Un altro passo per mettere a fuoco il futuro delle Terme di Salsomaggiore e Tabiano: ieri mattina in Municipio è stato convocato il secondo incontro del tavolo di concertazione fra i soci delle terme e le categorie economiche cittadine.
Erano presenti il presidente della Provincia Vincenzo Bernazzoli, il sindaco Massimo Tedeschi e il presidente delle Terme Guglielmo Cacchioli. I temi emersi: mettere a posto i conti, verificare rapidamente l’interesse all’acquisto del ramo alberghiero, proseguire la ricerca di un partner privato per le terme, senza innescare processi di smembramento del comparto.
«Le terme sono come un giocatore stanco che deve continuare a correre ma che deve anche tirare il fiato», ha detto Cacchioli.

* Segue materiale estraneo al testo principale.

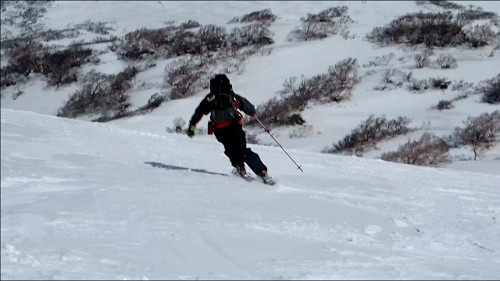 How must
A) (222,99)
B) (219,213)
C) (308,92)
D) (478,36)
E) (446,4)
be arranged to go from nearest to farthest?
(219,213)
(222,99)
(308,92)
(478,36)
(446,4)

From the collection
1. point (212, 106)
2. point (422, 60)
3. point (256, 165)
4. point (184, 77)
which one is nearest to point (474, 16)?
point (422, 60)

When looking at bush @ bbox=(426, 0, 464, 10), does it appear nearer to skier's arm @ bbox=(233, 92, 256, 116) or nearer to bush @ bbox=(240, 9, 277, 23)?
bush @ bbox=(240, 9, 277, 23)

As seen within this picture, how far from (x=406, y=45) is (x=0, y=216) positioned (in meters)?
19.7

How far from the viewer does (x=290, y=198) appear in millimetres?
6215

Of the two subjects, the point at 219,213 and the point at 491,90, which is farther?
the point at 491,90

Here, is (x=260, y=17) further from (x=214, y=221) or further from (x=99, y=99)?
(x=214, y=221)

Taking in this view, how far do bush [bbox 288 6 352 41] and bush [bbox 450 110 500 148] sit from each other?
10490 millimetres

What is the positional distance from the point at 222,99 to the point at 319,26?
18443 mm

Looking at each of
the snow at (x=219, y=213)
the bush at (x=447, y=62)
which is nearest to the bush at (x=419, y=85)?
the bush at (x=447, y=62)

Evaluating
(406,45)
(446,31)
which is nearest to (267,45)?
(406,45)

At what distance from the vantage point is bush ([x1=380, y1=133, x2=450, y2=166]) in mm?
13016

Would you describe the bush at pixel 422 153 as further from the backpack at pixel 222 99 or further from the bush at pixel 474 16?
the bush at pixel 474 16

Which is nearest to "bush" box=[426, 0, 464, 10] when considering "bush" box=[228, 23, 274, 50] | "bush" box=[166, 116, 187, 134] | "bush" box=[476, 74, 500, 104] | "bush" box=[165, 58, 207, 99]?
"bush" box=[228, 23, 274, 50]

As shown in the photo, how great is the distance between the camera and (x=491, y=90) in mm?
16141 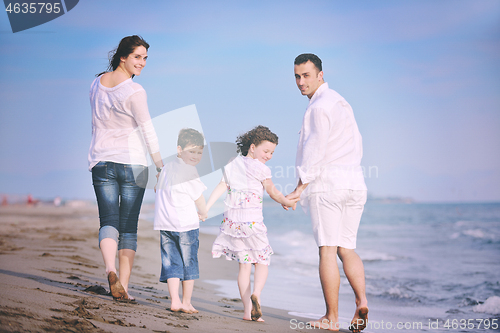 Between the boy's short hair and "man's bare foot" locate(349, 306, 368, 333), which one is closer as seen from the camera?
"man's bare foot" locate(349, 306, 368, 333)

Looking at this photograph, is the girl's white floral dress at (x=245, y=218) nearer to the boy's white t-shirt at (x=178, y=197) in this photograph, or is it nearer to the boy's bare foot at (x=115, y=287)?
the boy's white t-shirt at (x=178, y=197)

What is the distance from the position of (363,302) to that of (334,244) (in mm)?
404

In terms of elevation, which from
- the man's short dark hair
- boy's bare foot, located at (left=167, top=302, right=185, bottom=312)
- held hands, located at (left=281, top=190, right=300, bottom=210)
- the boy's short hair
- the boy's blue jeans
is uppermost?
the man's short dark hair

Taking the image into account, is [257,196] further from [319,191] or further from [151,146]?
[151,146]

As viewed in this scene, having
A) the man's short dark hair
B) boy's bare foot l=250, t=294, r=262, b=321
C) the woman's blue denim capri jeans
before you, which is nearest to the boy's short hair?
the woman's blue denim capri jeans

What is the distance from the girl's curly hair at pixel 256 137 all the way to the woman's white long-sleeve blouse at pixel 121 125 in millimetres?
726

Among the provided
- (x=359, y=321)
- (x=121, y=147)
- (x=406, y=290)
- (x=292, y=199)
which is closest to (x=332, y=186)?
(x=292, y=199)

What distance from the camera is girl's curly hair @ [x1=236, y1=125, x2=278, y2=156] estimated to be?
10.5 feet

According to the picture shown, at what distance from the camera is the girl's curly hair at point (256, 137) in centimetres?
320

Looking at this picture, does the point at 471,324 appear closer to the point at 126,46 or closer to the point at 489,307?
the point at 489,307

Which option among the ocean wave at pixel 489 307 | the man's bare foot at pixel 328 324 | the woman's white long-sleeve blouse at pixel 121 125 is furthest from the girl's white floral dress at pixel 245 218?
the ocean wave at pixel 489 307

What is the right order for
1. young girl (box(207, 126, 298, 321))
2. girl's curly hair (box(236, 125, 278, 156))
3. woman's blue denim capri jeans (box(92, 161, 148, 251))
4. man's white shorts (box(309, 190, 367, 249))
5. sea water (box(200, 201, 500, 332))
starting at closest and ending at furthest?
man's white shorts (box(309, 190, 367, 249)) → woman's blue denim capri jeans (box(92, 161, 148, 251)) → young girl (box(207, 126, 298, 321)) → girl's curly hair (box(236, 125, 278, 156)) → sea water (box(200, 201, 500, 332))

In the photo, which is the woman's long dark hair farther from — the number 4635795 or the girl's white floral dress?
the number 4635795

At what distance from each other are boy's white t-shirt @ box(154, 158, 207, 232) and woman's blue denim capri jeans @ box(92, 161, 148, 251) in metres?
0.15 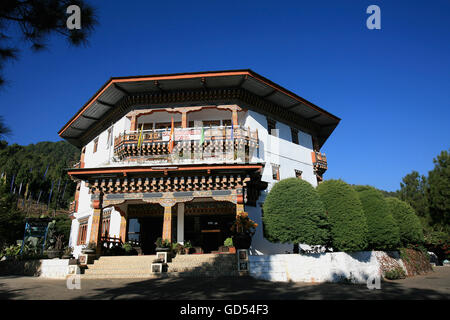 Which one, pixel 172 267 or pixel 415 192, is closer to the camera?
pixel 172 267

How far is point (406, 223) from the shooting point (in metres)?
16.3

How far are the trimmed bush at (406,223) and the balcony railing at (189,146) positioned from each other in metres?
8.98

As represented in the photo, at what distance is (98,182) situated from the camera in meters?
14.9

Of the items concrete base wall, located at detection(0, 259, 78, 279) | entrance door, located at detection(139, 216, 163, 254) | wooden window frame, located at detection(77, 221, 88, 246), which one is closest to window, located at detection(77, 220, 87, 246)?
wooden window frame, located at detection(77, 221, 88, 246)

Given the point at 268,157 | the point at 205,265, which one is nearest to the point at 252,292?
the point at 205,265

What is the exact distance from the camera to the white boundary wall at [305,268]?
11578 mm

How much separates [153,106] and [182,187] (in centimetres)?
680

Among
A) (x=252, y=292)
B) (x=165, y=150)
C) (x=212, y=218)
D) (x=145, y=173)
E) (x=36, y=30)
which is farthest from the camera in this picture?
(x=212, y=218)

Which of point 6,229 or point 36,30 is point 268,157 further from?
point 6,229

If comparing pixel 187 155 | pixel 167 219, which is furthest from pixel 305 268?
pixel 187 155

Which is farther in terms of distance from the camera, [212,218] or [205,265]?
[212,218]

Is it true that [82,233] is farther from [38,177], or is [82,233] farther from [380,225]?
[38,177]

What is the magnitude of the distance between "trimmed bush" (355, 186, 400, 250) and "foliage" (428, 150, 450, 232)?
14127 millimetres

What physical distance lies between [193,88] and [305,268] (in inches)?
492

Che la situazione sia preoccupante è assodato: il bilancio 2009 si è chiuso con una perdita di 5 milioni di euro e l’indebitamento sfiora i 22 milioni di euro, più di 4 milioni vanno ai fornitori. C’è bisogno di «fare cassa» per andare avanti e affrontare i costi degli investimenti necessari e che ammontano a circa 5,8 milioni di euro.